At AHS's last home basketball game, the "mom trio" was at it again with yet another fundraiser. Here, Amanda Henson explains to a Bulldog fan the dynamics of the "boot" door security device (black steel, two-prong object just in front of her), as Hillary Buxton (foreground) and Kristin Purdy (glasses) look on - Ada Herald
At AHS's last home basketball game, the "mom trio" was at it again with yet another fundraiser. Here, Amanda Henson explains to a Bulldog fan the dynamics of the "boot" door security device (black steel, two-prong object just in front of her), as Hillary Buxton (foreground) and Kristin Purdy (glasses) look on. (Ada Herald/Joe Schriner)

ADA — This is the brainchild of three Ada “moms on a mission.”

The “boot” in this case is a custom, interior-door security device – at $350 per door in the Ada school system. These moms, with more inertia (and fundraisers) than anyone thought possible, have already raised a phenomenal $23,000 since last year.

They started fundraising shortly after the “Parkland school shooting” in Florida.

Their goal: $44,000.

The moms: Kristin Purdy, Hillary Buxton and Amanda Henson.

The industrial steel boots, when engaged, can withstand 16,000 pounds of pressure in preventing a door from opening, according to “The Lockout Co.” literature. The boots themselves weigh only five pounds and are easily installed in an emergency.

But that’s not all.

Part of the fundraising also includes for “rapid response door placards.” These are “highly visible,” reflective-lettering room number steel placards that stick out at a 90 degree angle from just above the top of the classroom doors.

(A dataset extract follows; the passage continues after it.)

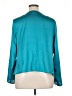 Bold Elements 100% Polyester Teal 3/4 Sleeve Blouse Size XL - photo 2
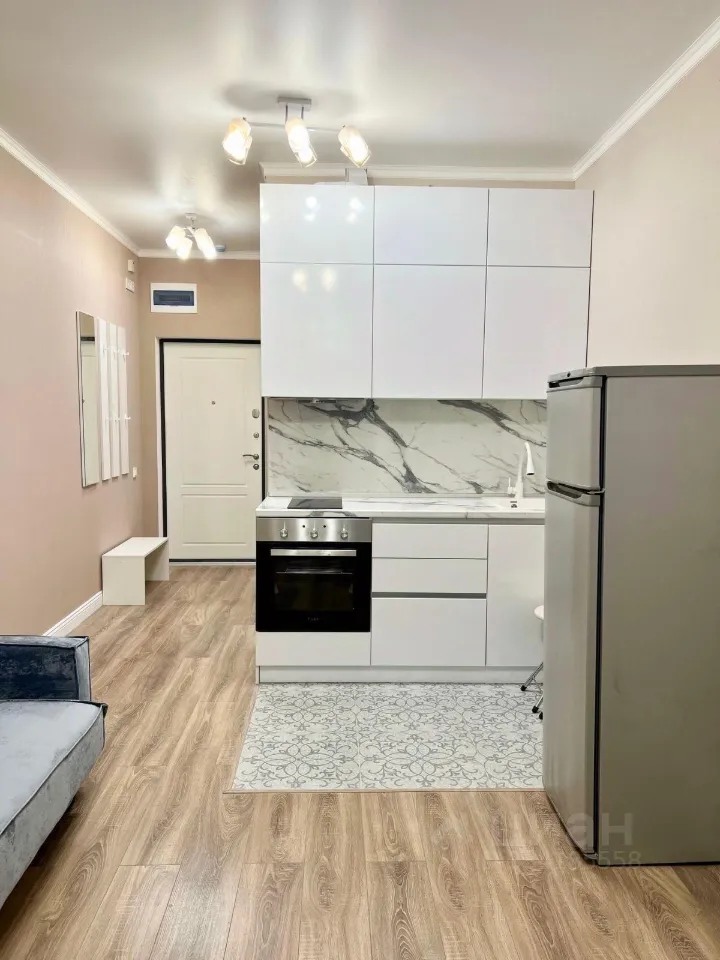 Студия, 21 м², 12/12 этаж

So if, say, an active shooting is going on, rapid first responders, if tipped to the location of the shooter, can easily pin point a room from a distance off.

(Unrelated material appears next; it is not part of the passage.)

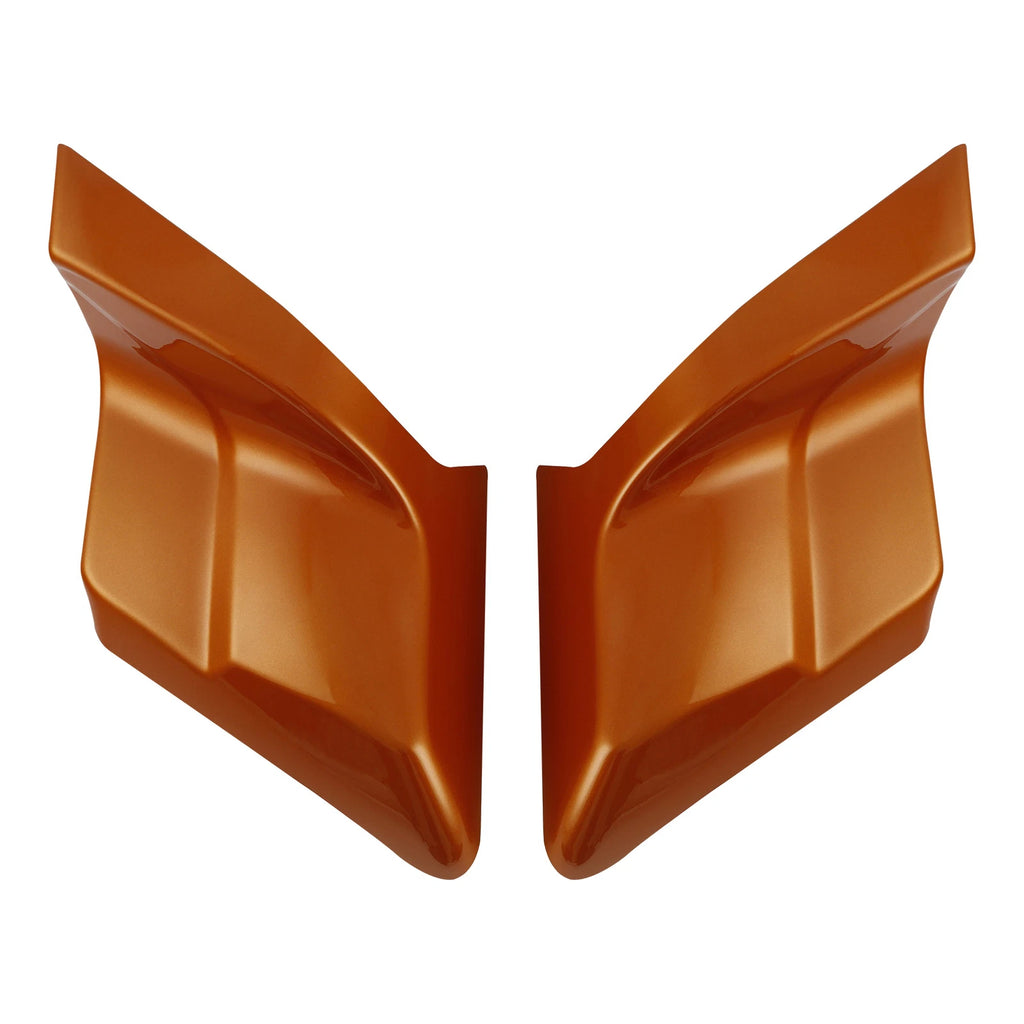 Stretched Side Covers Fairings for Harley Road Glide (2014–2024) Amber Whiskey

Ms. Henson said the room numbers in the schools are, currently, just flush against the wall.

Musing about it all, Ms. Buxton, while enthused about the community response to the project, was nonetheless disturbed at the state of a society that would necessitate something like this.

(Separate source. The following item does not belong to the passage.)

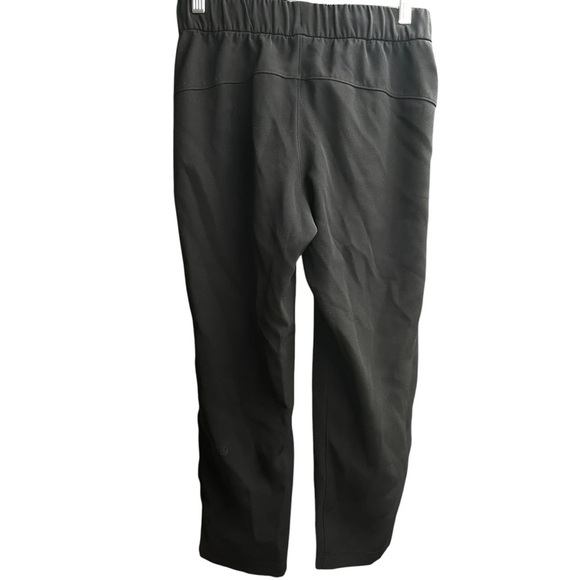 LULULEMON On The Fly Crop Woven Black Pants Size 4 - Picture 7 of 14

“It’s sad,” she lamented. “We shouldn’t have to be in this (societal) position. But we are.”

Amanda Henson added an addendum to this.

“We never want to say (in retrospect after an incident), ‘I wish we would have…”

The mothers, with their kids’ safety at stake, haven’t been shy about the fundraising.

They have tables at the football games, tables at basketball games, have been on radio stations, talked to civic groups, did a bowling alley fundraiser.

There’s no letting up until the goal is reached.

“It’s too important,” said Ms. Purdy.

The trio said they took the idea to the Ada School Board initially and were given an immediate green light. What’s more, they said this is a good supplement to what’s already being done, noting each Hardin County school now has a security officer walking the halls during school hours.

Ada has a retired sheriff’s deputy.

The mothers assured that “100 percent of all donations” go directly to the purchase of the boots and room number placards. Those who want to help can mail their donations to: “Boots for Bulldogs,” P.O. Box 244, Ada, Ohio 45810.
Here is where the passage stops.